| WORK TO COMPLETE |
Lines to restate from the data below: from the one containing "Disney Purple Cozy" to the one containing "POST POCKET T-SHIRT - DUSTY BLACK LIMO", both included. Give them again exactly, and only them.

[[ DATA RECORDS, beginning ]]

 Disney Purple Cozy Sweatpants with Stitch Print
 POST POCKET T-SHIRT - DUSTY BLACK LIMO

[[ DATA RECORDS, end ]]
[[ DATA RECORDS, beginning ]]

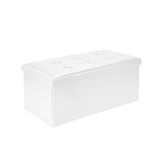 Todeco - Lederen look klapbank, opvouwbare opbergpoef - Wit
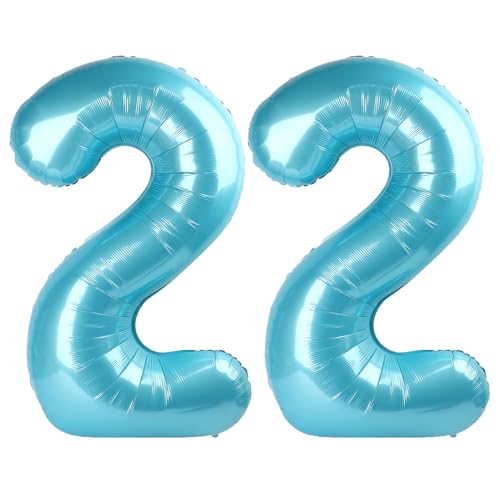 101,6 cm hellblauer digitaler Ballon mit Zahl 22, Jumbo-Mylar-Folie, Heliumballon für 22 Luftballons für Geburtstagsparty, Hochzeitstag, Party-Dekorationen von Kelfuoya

[[ DATA RECORDS, end ]]

| SOLVED PROBLEM |
 Disney Purple Cozy Sweatpants with Stitch Print
 POST POCKET T-SHIRT - DUSTY BLACK LIMO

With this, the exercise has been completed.